Start of Block
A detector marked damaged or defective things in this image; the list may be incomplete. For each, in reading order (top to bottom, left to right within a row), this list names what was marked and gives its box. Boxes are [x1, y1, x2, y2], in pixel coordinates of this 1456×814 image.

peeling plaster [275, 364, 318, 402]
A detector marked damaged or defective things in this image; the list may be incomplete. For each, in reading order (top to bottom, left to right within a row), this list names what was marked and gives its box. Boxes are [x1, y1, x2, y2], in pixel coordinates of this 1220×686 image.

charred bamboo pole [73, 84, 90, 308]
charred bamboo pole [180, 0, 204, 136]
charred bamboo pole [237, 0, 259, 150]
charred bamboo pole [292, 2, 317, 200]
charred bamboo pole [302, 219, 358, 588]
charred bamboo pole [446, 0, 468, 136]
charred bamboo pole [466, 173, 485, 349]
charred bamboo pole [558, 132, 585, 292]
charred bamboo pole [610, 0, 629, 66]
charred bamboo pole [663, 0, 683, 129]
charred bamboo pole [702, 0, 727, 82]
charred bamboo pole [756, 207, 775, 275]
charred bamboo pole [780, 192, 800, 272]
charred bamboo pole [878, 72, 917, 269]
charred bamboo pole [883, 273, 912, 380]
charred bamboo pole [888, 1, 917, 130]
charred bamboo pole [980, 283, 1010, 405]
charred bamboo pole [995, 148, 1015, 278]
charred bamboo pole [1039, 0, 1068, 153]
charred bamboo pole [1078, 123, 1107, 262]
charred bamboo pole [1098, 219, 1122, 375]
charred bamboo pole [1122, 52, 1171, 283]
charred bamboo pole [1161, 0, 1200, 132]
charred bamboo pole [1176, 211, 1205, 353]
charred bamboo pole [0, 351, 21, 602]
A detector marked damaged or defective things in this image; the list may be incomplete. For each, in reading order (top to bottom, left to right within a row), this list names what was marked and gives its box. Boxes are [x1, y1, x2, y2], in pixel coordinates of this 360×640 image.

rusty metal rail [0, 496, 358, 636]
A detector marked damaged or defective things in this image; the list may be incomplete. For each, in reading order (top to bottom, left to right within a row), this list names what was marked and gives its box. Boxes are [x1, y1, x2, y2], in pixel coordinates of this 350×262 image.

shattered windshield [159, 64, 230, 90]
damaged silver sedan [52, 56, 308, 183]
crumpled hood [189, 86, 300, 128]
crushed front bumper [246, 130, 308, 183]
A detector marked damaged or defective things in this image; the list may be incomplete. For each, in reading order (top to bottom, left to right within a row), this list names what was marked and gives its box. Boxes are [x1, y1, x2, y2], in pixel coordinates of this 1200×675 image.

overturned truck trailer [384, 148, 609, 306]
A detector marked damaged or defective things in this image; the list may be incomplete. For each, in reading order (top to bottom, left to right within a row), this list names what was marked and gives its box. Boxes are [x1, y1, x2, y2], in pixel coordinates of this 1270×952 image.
End of Block
**WORK REQUEST**
From the line that contains "this 1200×675 image." through the last line of the records above, copy every line exactly and leave out the rest.

**SOLVED EXERCISE**
A detector marked damaged or defective things in this image; the list may be incomplete. For each, in reading order (top to bottom, left to right within a row), this list names what was marked and gives its box. Boxes are [x1, y1, x2, y2], in pixel coordinates of this 1200×675 image.

overturned truck trailer [384, 148, 609, 306]
A detector marked damaged or defective things in this image; the list may be incomplete. For each, in reading order (top to bottom, left to right within a row), this list names what was marked and gives its box. Boxes are [x1, y1, x2, y2], in pixel coordinates of this 1270×952 image.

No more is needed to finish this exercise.